This is my last post in my red coat.
My feelings have been all over the place over the last two weeks. Feelings invoked by others lives and experiences and bravery. Hearing them revealing their deepest sadness and memories. My own memories of watching someone’s courage in their most vulnerable moment that will never leave my mind. An honesty of feeling that I have been too afraid to get to. Embarrassed to say it all out loud knowing how stupid and ridiculous it makes me. Like a stupid little girl caught in the world of grown ups and not being prepared for that.
Something about my night on Saturday with my angels cemented something really important for me.

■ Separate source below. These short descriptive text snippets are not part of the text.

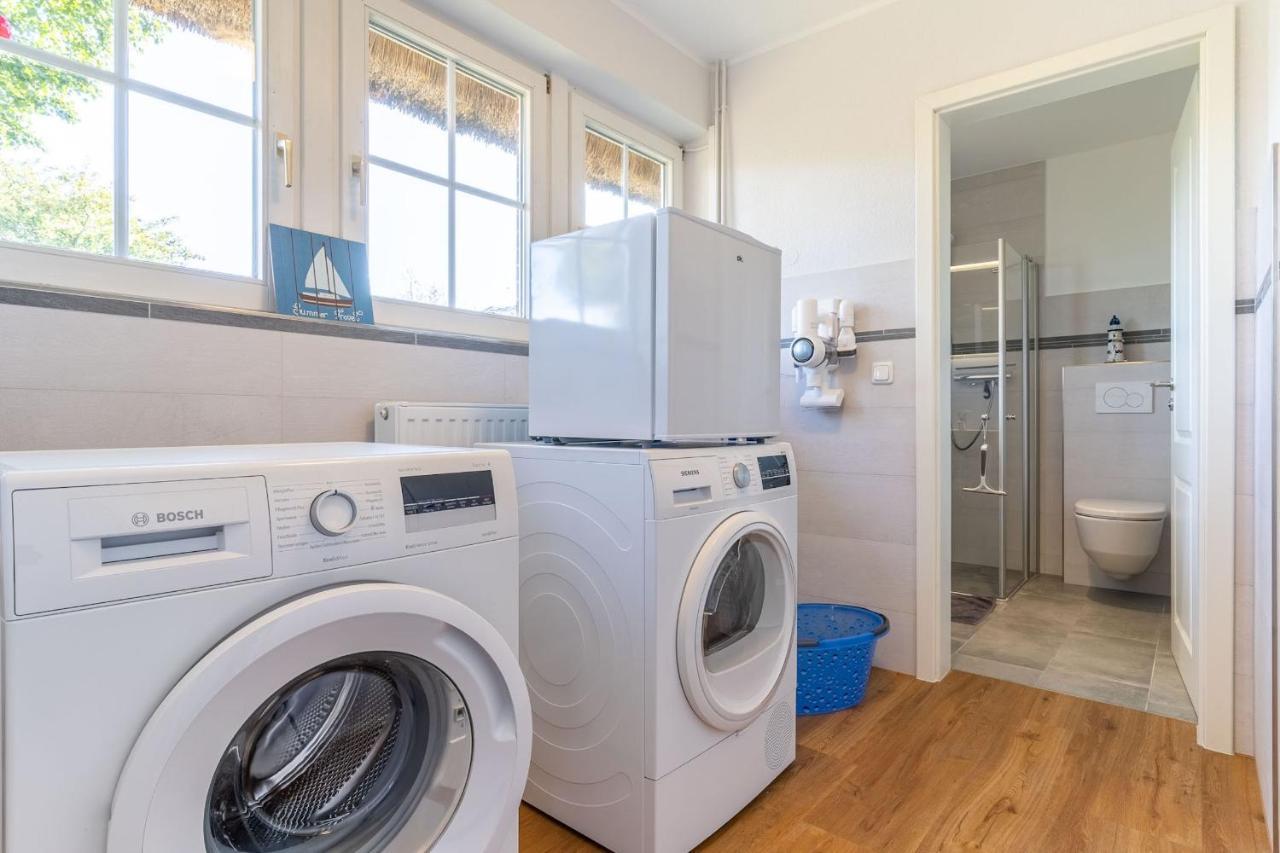 Вилла Hus Duenenkieker Spo Hus Duenenkieker Spo Санкт-Петер-Ординг Экстерьер фото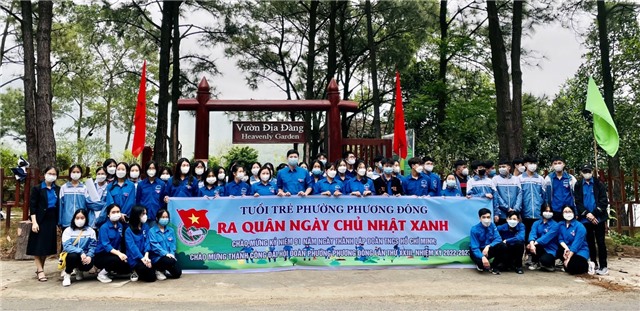 Đoàn phường Phương Đông:  Hội nghị ôn truyền thống, kết nạp đoàn viên nhân kỷ niệm 91 năm ngày thành lập Đoàn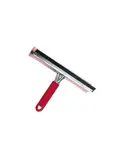 Metalen trekker 25 cm met rubberen blad
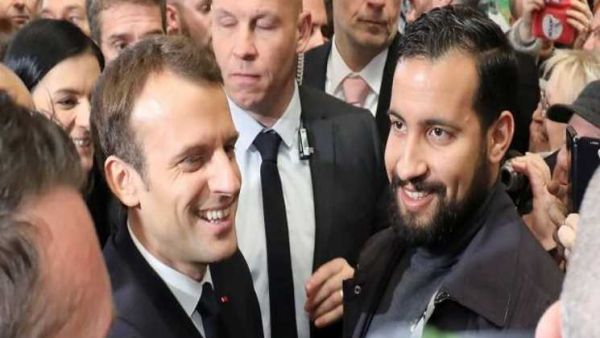 الرئيس إيمانويل ماكرون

Why was I feeling so high on life again. Financially I’m poorer than I’ve ever been, I’ve been working harder than I’ve ever worked and I’ve never struggled so much to try to help people I love and care about to find the way to happier places. As I take every little step on a brand new day, trying to make some good difference in the world, to repay all my bad, I feel like I need take back my feelings and lock them away again.
I felt high with my girls on Saturday because they know all the bad stuff about me but they still love me anyways. It makes me feel like the luckiest girl in the world. Despite the fact that I don’t love myself at all. I could spend a lifetime trying to do good but it will never take away the guilt I feel in doing bad and hurting others I care about. It will never make me feel like the person I remember once being. Who was good and kind and always did the right thing. This girl is ugly and doesn’t deserve to be happy. And yet as I walked back from the pub I felt so happy. I felt so high on life. I felt so lucky. The luckiest girl in the world. A feeling I have often in moments and especially when I am with them. And I shared it with the person that I love.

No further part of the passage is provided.